What you return should be each line of the data containing the string "Image".
- - - -
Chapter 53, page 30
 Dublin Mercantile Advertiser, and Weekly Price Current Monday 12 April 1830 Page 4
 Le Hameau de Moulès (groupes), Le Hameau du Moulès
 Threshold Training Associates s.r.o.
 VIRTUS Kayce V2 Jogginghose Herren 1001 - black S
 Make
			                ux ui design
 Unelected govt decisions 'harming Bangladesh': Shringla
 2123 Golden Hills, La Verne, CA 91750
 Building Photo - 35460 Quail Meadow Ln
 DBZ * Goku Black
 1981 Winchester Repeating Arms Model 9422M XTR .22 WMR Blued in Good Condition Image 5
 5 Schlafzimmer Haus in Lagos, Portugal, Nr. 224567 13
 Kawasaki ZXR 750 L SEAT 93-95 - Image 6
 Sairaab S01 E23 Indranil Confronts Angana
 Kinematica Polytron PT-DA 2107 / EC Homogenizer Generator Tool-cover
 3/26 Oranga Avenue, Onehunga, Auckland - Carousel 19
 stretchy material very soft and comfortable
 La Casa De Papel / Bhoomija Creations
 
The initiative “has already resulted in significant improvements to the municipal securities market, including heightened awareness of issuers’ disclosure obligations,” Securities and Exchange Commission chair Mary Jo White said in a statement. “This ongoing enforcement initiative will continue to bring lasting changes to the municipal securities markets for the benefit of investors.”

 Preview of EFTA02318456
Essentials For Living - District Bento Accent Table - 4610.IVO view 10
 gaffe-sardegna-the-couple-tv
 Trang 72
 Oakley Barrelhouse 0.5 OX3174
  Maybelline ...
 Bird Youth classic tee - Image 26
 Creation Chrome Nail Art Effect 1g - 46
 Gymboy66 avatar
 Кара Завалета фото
- - - -
§ **Solution**:
 1981 Winchester Repeating Arms Model 9422M XTR .22 WMR Blued in Good Condition Image 5
 Kawasaki ZXR 750 L SEAT 93-95 - Image 6
 Bird Youth classic tee - Image 26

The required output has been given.